§ **Task item**
Among the entries, which lines carry the string "Vintage"? Copy each of them.
[Opening Dataset excerpts section]
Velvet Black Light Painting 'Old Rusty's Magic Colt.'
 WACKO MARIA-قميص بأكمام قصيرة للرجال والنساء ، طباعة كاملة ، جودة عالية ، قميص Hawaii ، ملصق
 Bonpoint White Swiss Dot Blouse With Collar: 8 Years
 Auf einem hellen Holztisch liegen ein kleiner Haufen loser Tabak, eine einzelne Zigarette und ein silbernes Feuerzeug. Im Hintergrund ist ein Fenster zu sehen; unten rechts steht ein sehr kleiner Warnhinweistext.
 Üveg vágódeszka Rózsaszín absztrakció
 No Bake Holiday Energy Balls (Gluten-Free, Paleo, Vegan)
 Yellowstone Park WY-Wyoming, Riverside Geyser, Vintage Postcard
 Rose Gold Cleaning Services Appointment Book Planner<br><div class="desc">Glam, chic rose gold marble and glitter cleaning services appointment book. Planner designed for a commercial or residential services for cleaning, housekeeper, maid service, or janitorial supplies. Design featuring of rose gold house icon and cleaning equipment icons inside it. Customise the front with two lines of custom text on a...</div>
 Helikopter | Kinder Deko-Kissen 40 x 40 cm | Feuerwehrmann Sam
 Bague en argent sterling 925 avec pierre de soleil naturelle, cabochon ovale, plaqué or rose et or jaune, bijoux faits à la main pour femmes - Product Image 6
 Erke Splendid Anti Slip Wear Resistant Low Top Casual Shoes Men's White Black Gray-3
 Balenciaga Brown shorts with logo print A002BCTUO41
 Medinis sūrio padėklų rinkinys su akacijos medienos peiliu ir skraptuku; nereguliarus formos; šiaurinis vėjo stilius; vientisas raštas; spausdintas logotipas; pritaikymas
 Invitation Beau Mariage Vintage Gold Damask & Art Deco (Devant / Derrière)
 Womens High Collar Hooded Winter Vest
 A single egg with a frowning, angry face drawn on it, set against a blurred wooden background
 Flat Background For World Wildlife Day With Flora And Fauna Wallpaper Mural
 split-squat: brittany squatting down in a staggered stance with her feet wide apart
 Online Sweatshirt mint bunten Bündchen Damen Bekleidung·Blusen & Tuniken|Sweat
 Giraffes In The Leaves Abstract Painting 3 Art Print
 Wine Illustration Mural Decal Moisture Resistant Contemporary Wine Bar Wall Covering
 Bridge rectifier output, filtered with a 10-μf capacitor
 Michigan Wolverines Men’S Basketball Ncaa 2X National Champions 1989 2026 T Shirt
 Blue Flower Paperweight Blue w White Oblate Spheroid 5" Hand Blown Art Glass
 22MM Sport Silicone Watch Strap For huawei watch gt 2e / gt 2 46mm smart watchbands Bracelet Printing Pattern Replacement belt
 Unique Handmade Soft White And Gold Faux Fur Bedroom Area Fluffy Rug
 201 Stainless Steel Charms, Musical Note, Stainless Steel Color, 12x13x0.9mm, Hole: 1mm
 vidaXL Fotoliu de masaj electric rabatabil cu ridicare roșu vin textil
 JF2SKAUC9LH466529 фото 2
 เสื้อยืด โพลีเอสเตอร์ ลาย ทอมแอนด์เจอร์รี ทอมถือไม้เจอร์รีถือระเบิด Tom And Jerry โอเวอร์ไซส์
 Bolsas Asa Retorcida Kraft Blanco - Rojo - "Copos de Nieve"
[Closing Dataset excerpts section]
§ **Result**
 Yellowstone Park WY-Wyoming, Riverside Geyser, Vintage Postcard
 Invitation Beau Mariage Vintage Gold Damask & Art Deco (Devant / Derrière)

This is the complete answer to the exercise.